A Sheffield mum who suffered the devastation of losing her eight-week-old daughter is giving back to the charity who gave her family their last precious moments together.

Alana and Gary Morris, whose “gorgeous little princess” Ivy died at Bluebell Wood in 2016, have since raised over £14,000 for the hospice in her name. 

Now Alana has delivered a very welcome gift for frontline care staff at the hospice who are supporting some of the most vulnerable in our communities through the Covid-19 emergency, pledging to continue to do what she can for Bluebell Wood in the difficult times ahead.

Alana, who works for Killamarsh Parish Council as well as being an Avon representative in her spare time, has asked her customers to donate a pound - or whatever they can afford - to buy a batch of soothing hand cream for hospice staff.

“We sadly know first-hand just how much the care team do for families in normal times, never mind at the moment,” said Alana, 32.

“I spoke to one of the nurses recently who said they’d be really grateful because of all the antibacterial hand gel and extra hand washing, their hands can feel raw.

“It it wasn’t for Bluebell Wood, we wouldn’t have had that time at the end with Ivy. That’s why we always do what we can to give back.

“The way they help people, when they’re going through something nobody should have to go through, is amazing. It’s such a special place.”

After having two miscarriages before Ivy, Alana and Gary dubbed her their ‘third-time lucky’ baby. But their happiness was shattered at their routine six-week check-up when they received the devastating news that Ivy had a brain tumour.

An operation swiftly followed, removing 80 per cent of the tumour, but it wasn’t enough. It was then they had to make an impossible decision.

“Ivy kept having fits throughout the night, and the next day she was still very poorly,” said dad Gary.

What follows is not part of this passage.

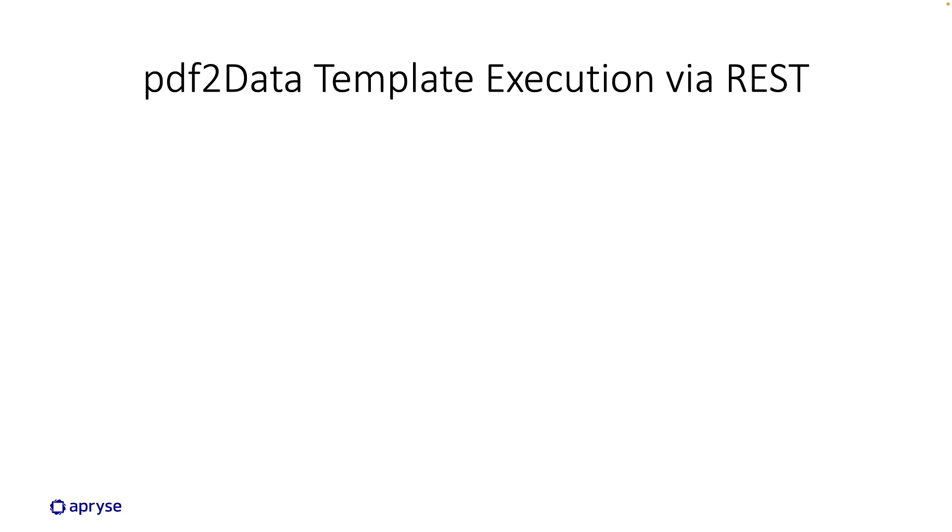Hello and welcome to this video demonstration for PDF2Data. Today's topic is PDF2Data template execution via our REST interface.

“She wasn’t responding well to the anti-seizure medicine she was on. The doctors told us that it was very likely that the tumour would grow again, and if she ever did come round, she would be paralysed, blind, and deaf.

“She was too little for radiotherapy, and chemotherapy would have given us a few extra months with her, but would have been painful for her – it would have been for our gain and not Ivy’s. So we decided to turn her machines off, which was the hardest thing we’ve ever had to do.”

After the machines were switched off, Ivy carried on breathing. It was then the family made the decision to take Ivy to Bluebell Wood.

“As soon as we got to Bluebell Wood, they settled us straight into a room,” said Gary.

“It was so nice to be able to see Ivy’s full face again, without any wires. She slept in between us on a pillow, and the next morning we put her in a pram, and went for a walk in the garden. 

“Both our best friends came to visit. Later that day, we laid down in bed with her, and she passed away peacefully, cuddled by us both.”

Since losing Ivy, the family have used Bluebell Wood’s counselling service and regularly attend bereavement groups at the hospice, meeting many other families who’ve lost loved ones before their time. They also have a happy and healthy daughter Ginny, who will be two in July.

“For us, Bluebell Wood is like being in a family that nobody ever wants to be in, but, once you’re a part of it, it’s the best place you could be,”said Alana.

Sam Wood, Head of Fundraising at Bluebell Wood, said: “We’d like to thank Alana for this wonderful gesture and for all she’s done for Bluebell Wood over the years alongside her family and friends.

“Thanks to our amazing community of supporters, we’re able to be here for families who need us more than ever right now, as well as helping relieve the pressure on our NHS.”